** GIVEN DATA **
○ ○ ○ ○ ○ ○ ○

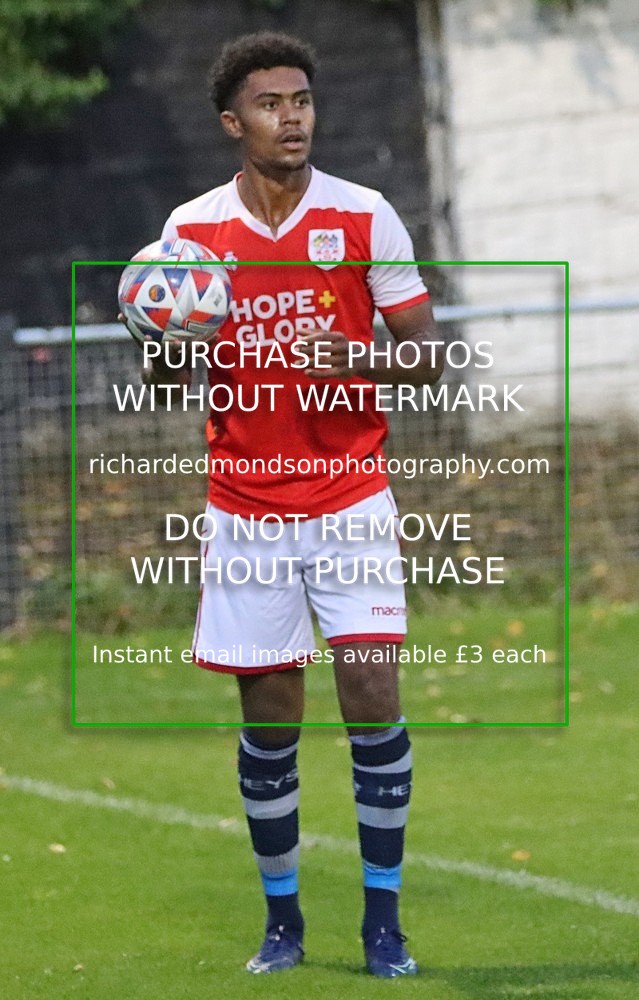 IMG_1465 - Prestwich Heys FC
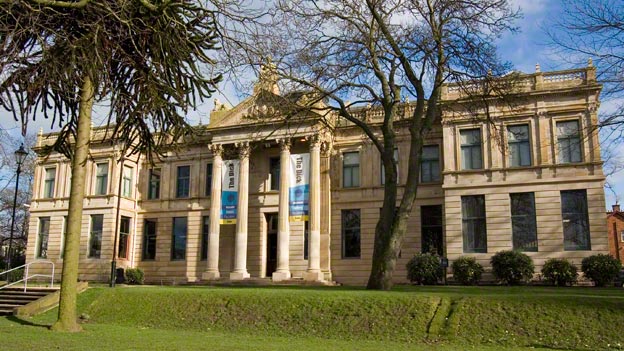 The Dick Institute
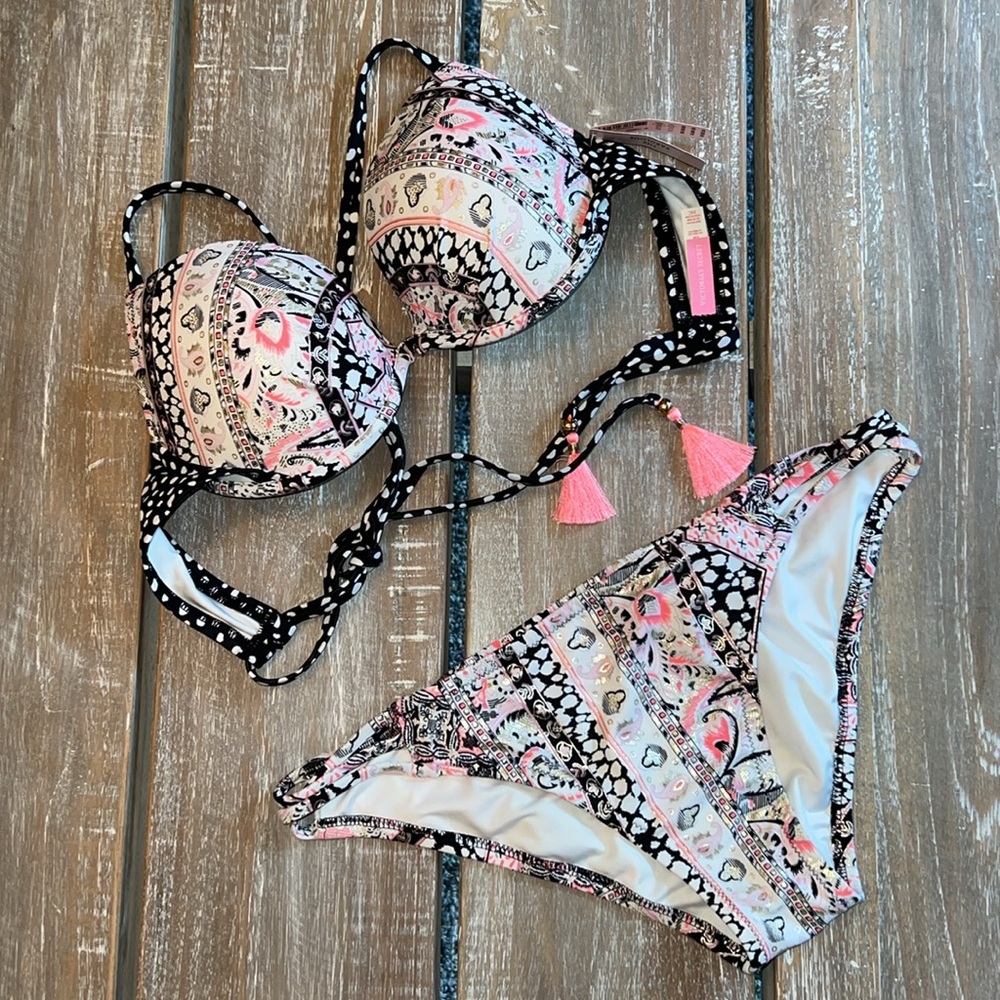Victoria’s Secret Bikini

○ ○ ○ ○ ○ ○ ○

** WHAT THE TASK ASKS **
Restate the data above exactly, stripping out each image.

** SOLUTION FOR THIS TASK **
 IMG_1465 - Prestwich Heys FC
 The Dick Institute
Victoria’s Secret Bikini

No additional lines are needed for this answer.